67.Dès lors, la notification d'une mise en demeure, qui est le préalable obligatoire à l'engagement de la totalité des poursuites, n'a aucun effet interruptif immédiat sur la prescription. Elle n'acquiert cet effet que rétroactivement par une saisie.
68.Les règles applicables diffèrent selon que la saisie en cause relève de l'ancienne ou de la nouvelle législation.
→ En présence d'une saisie-exécution - procédure qui était applicable avant le 1er janvier 1993 - la mise en demeure doit intervenir, au plus tard, quatre ans après la notification d'un avis de mise en recouvrement et être suivie dans les quatre ans d'une saisie-exécution pour être interruptive de prescription.
→ En présence d'une saisie-vente - procédure applicable depuis le 1er janvier 1993 - la mise en demeure doit intervenir, comme auparavant, au plus tard quatre ans après l'avis de mise en recouvrement.
Au surplus, conformément aux articles 85 et 297 du décret du 31 juillet 1992, la mise en demeure doit être renouvelée avant l'engagement de la saisie-vente si elle n'est pas suivie dans les deux ans de sa notification, d'un acte de poursuite ou d'un paiement partiel.
Toutefois, cette deuxième mise en demeure n'aura pas pour effet d'ouvrir un nouveau délai de prescription.
Dès lors, en l'absence d'un autre acte de poursuites ou d'un paiement après une première mise en demeure, le délai maximal entre celle-ci et une saisie-vente est de quatre ans.
III. Les procédures de saisie
69.Toutes les procédures de saisie sont interruptives de prescription dès lors qu'elles sont régulières.
70.L'effet interruptif ainsi attribué à la saisie se produit quand bien même il n'y aurait pas eu de commandement préalable si, bien entendu, celui-ci n'était pas nécessaire.
Lorsqu'un tel commandement a été notifié, la saisie interrompt à nouveau la prescription et chacun des actes de cette saisie renouvellera l'interruption et la prolongera jusqu'à l'intervention du dernier.
1. La saisie-vente
71.Chaque acte de la procédure de saisie-vente (procès-verbal de saisie, de vérification des objets saisis et de vente) est interruptif de prescription.

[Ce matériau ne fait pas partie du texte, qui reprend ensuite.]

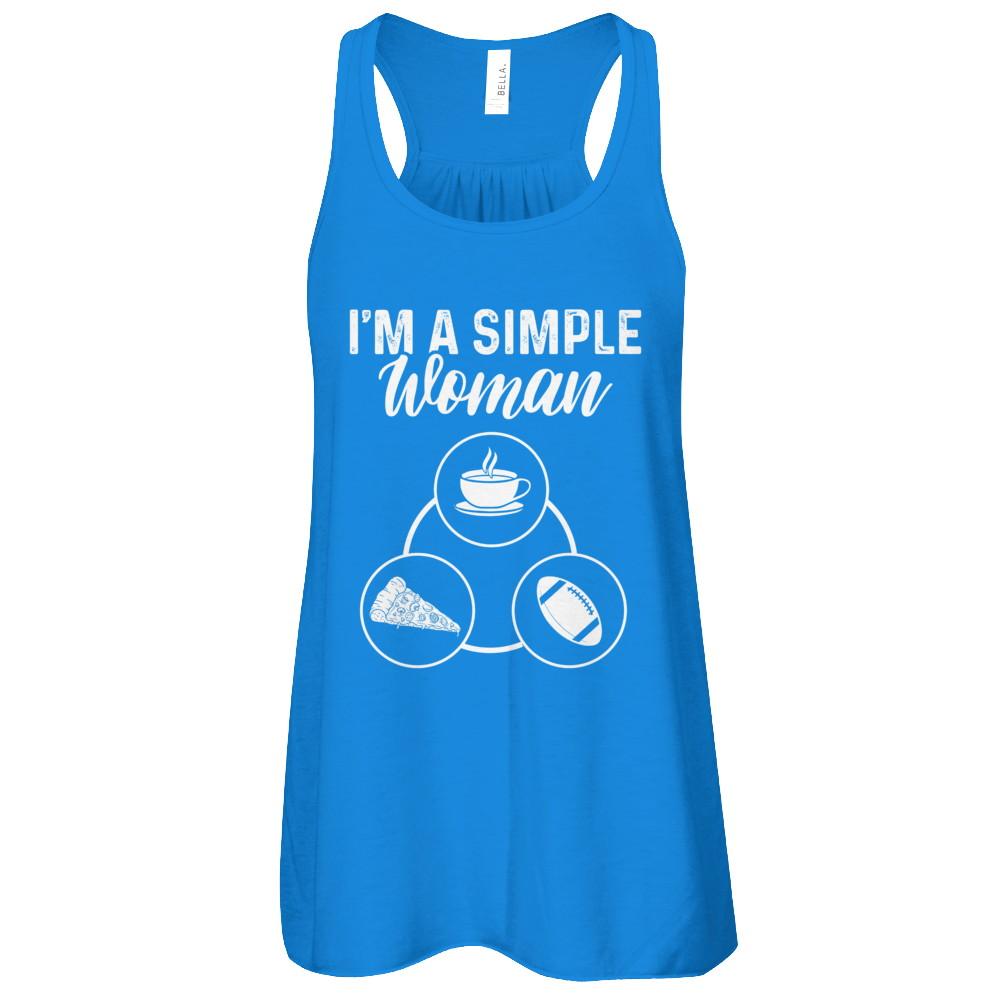 I'm A Simple Woman Coffee Pizza Football-T-Shirt & Tank Top-Women's Flowy Racerback Tank-True Royal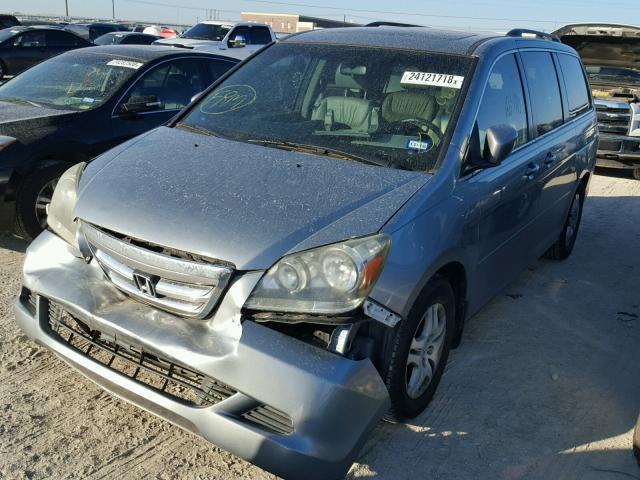 5FNRL38777B096951 - 2007 HONDA ODYSSEY EX BLUE photo 2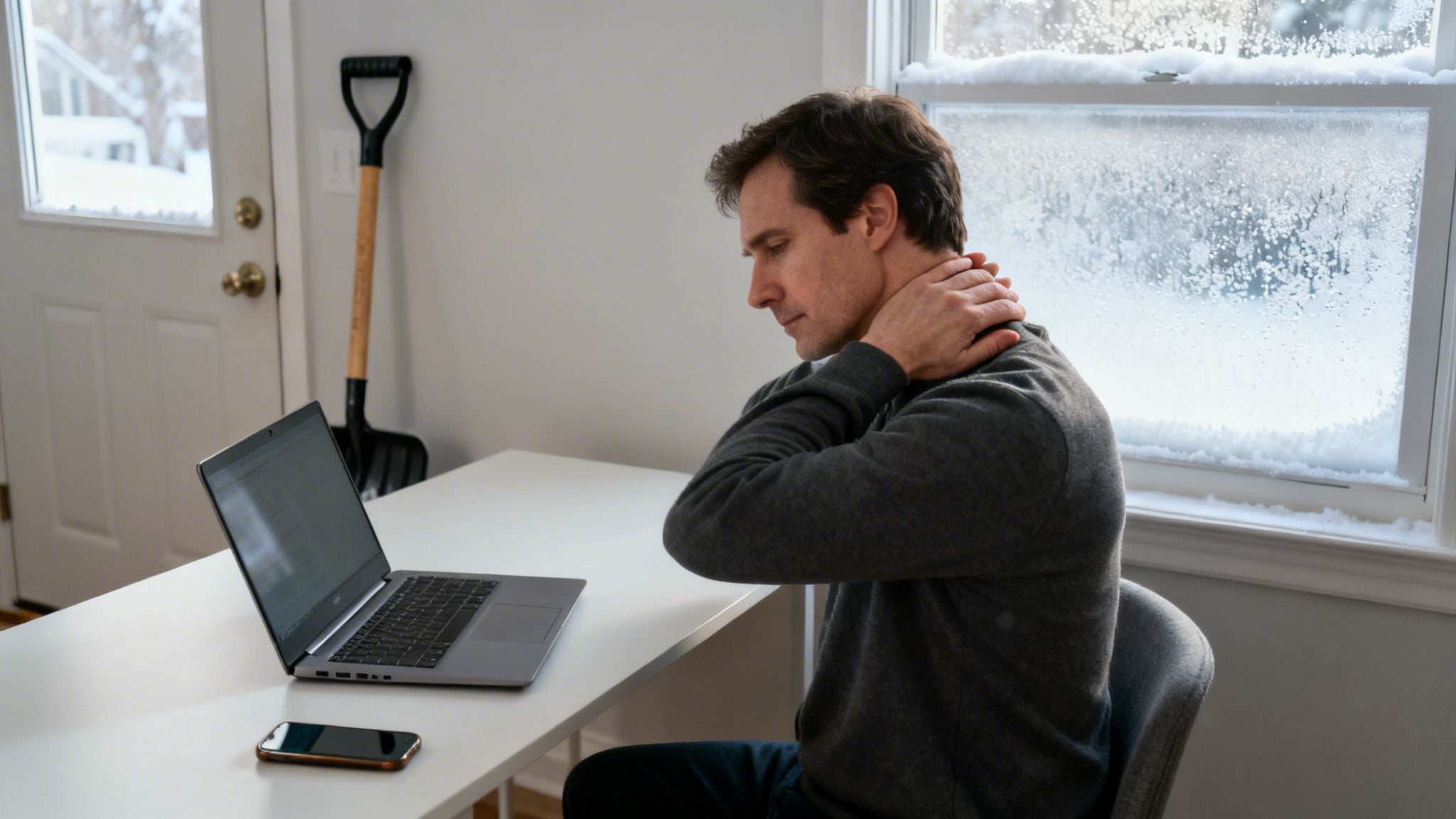Man suffering from neck pain while working on laptop at a desk with a snowy window.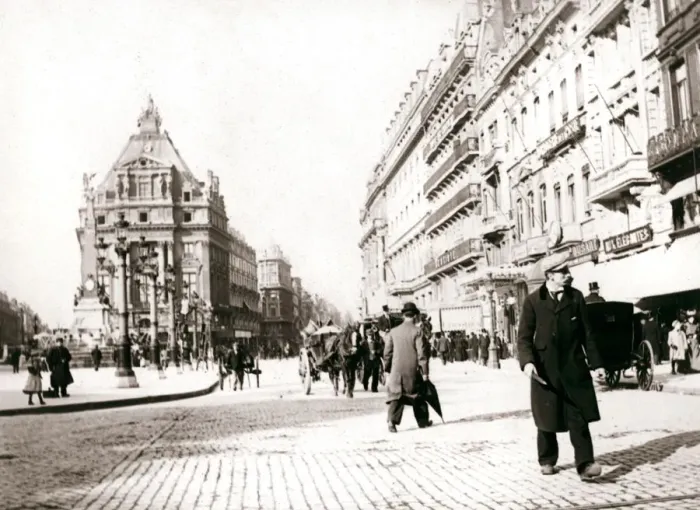 Framed Print : Street scene, Brussels, 1898. Artist: James Batkin Framed Print : Street scene, Brussels, 1898. Artist: James Batkin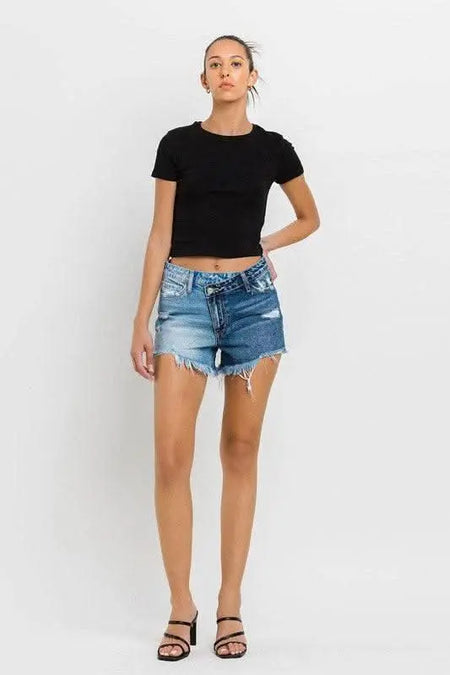 Super High Rise Two Tone Denim Shorts - Sleekdenim.com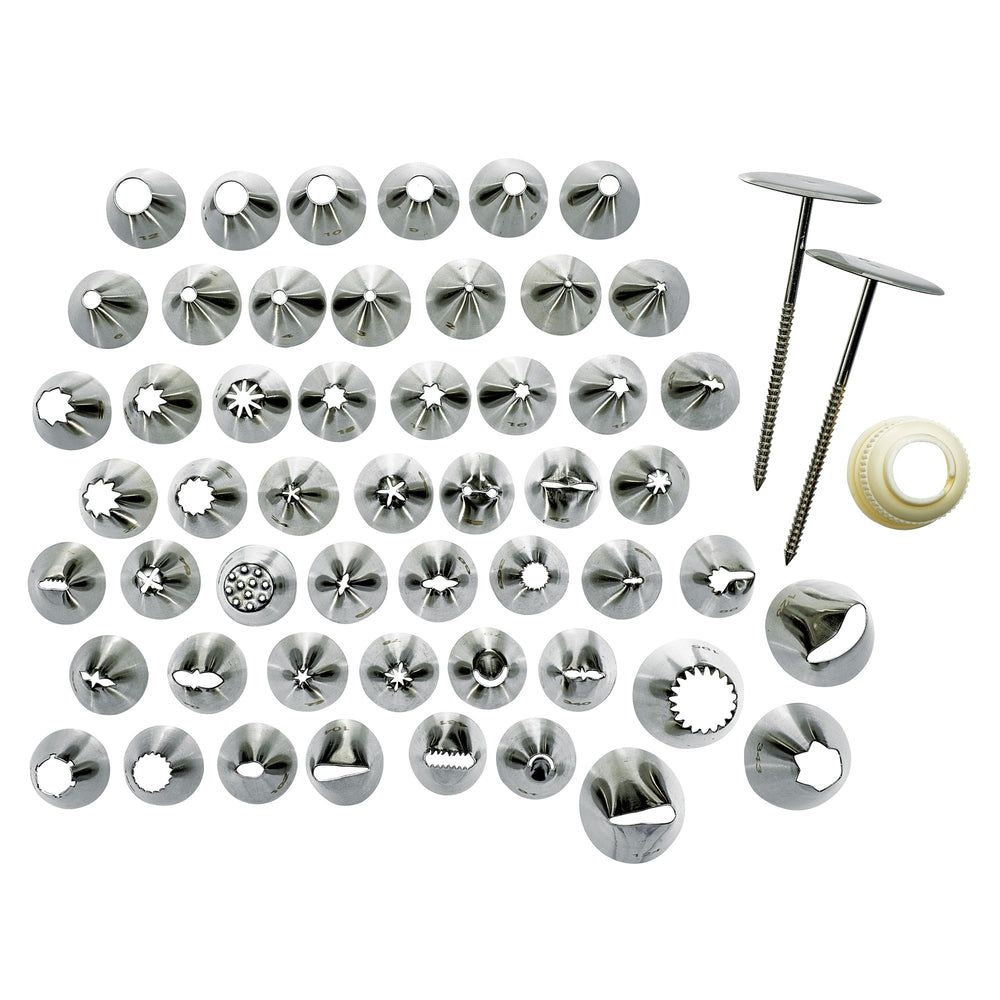 Winco Stainless Steel Cake 52 Tips Decorating Set -- 6 set per case.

72.Il convient de retenir, comme point de départ du nouveau délai de quatre ans, la date d'établissement de l'acte par l'huissier.
73. Cas particulier :
→ Procès-verbal de carence :
74.Lorsqu'il n'y a aucun bien saisissable l'huissier dresse un procès-verbal de carence conformément à l'article 92 du décret du 31 juillet 1992.
Cet acte est interruptif de prescription dès lors qu'il marque la volonté du Trésor de poursuivre le recouvrement de sa créance (Trib. de MOISSAC 24 avril 1944, Mémorial des percepteurs 1958 p. 165 et CAA de PARIS 23 décembre 1994 - Droit fiscal 1995 n° 1554).
→ Procès-verbal de recherche :
75.Il est établi par l'huissier qui se trouve dans l'impossibilité de dresser un procès-verbal du fait de la disparition du débiteur.
76.Il est interruptif de prescription s'il donne lieu à l'accomplissement des formalités prévues à l'article 659 du nouveau code de procédure civile.
77.En revanche, le simple relevé de recherches infructueuses prévu à l'article 39 de la loi du 9 juillet 1991 n'est pas interruptif de prescription.
→ Procès-verbal de difficultés :
78.Lorsqu'un incident relatif à la saisissabilité des biens survient, le redevable peut présenter ses observations à l'huissier qui doit alors dresser un procès-verbal de difficultés et saisir le juge compétent (juge de l'exécution sur le fondement de l'article 130 du décret du 31 juillet 1992 pour la saisie-vente).
79.La prescription est interrompue par le procès-verbal de difficultés car la saisie a, malgré tout, été effectuée. L'article 126 du décret précité précise d'ailleurs que « les demandes relatives à la propriété ou à la saisissabilité ne font pas obstacle à la saisie, mais suspendent la procédure pour les biens saisis qui en font l'objet ».